━━━━━ Information
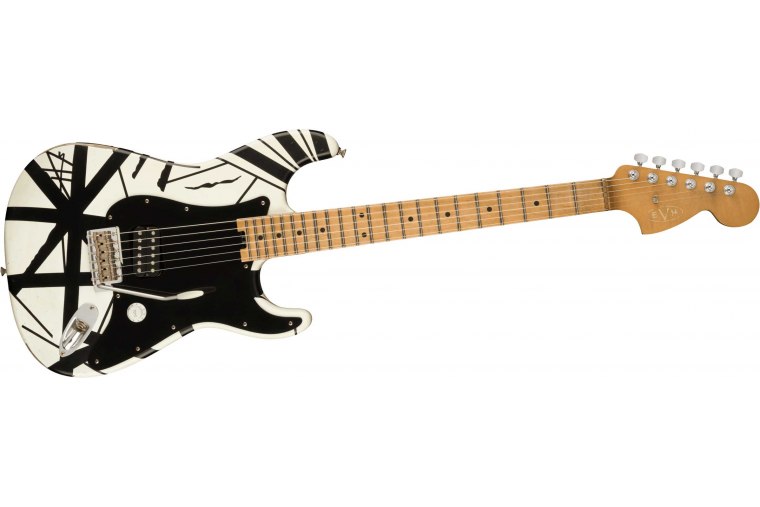 EVH Striped Series '78 Eruption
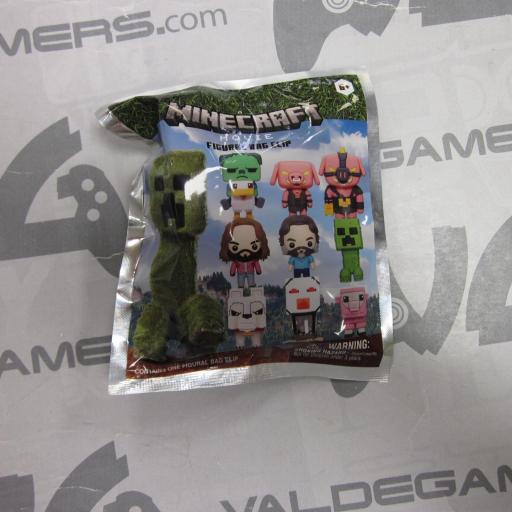 Sobre Sopresa Figura Minecraft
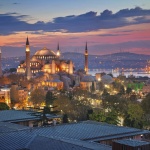 Решават на 2 юли дали "Света София" ще е църква или джамия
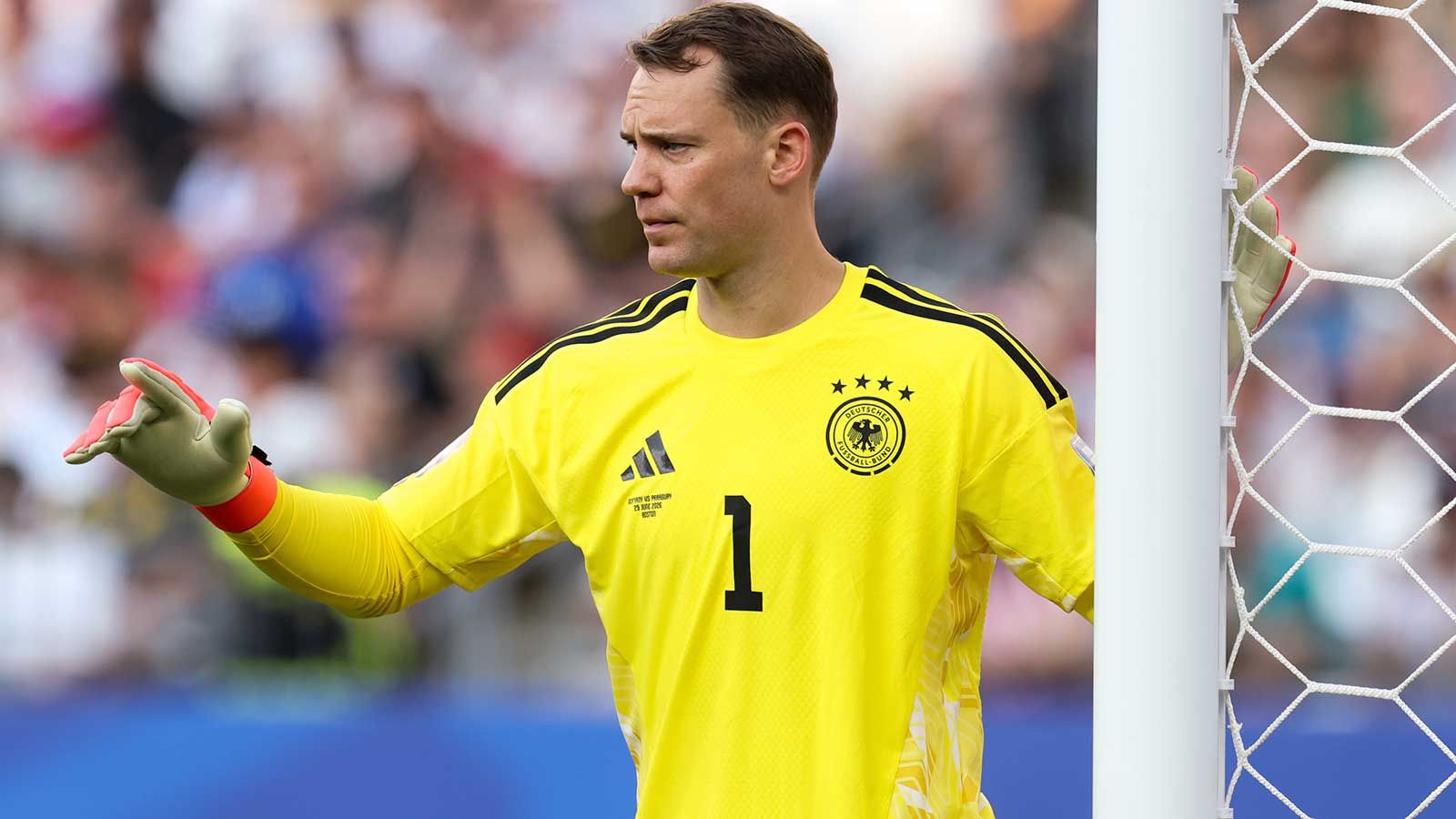 Neuer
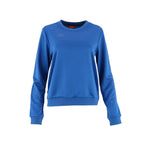 The Indian Maharadja Mumbai Sweater Dames Cobalt Kleding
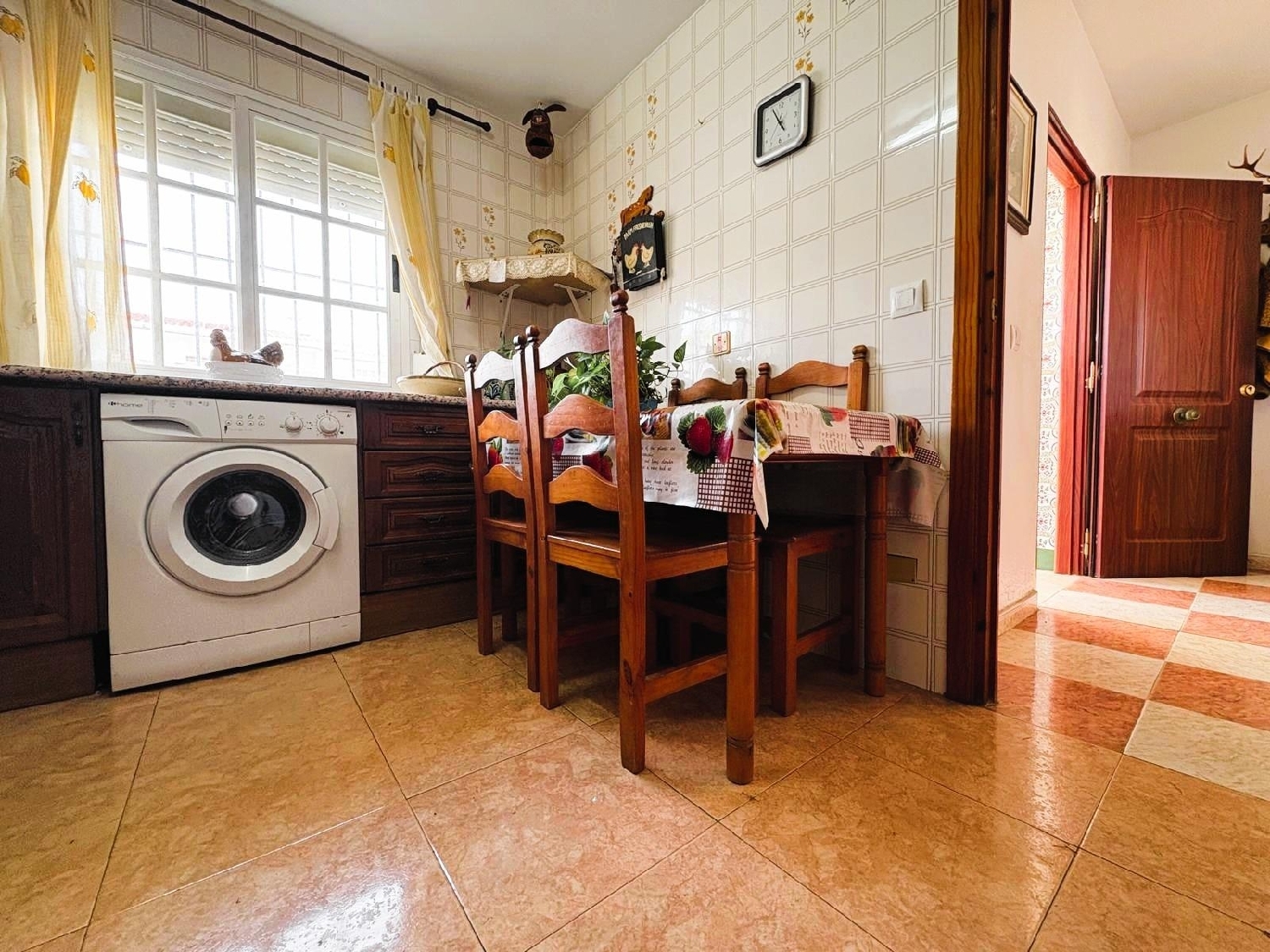  for sale house Los Barrios Campo De Gibraltar 4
━━━━━━━━━━
● Exercise objective: Everything in the records above except the pictures is to be reproduced word for word.

● Answer:
 EVH Striped Series '78 Eruption
 Sobre Sopresa Figura Minecraft
 Решават на 2 юли дали "Света София" ще е църква или джамия
 Neuer
 The Indian Maharadja Mumbai Sweater Dames Cobalt Kleding
  for sale house Los Barrios Campo De Gibraltar 4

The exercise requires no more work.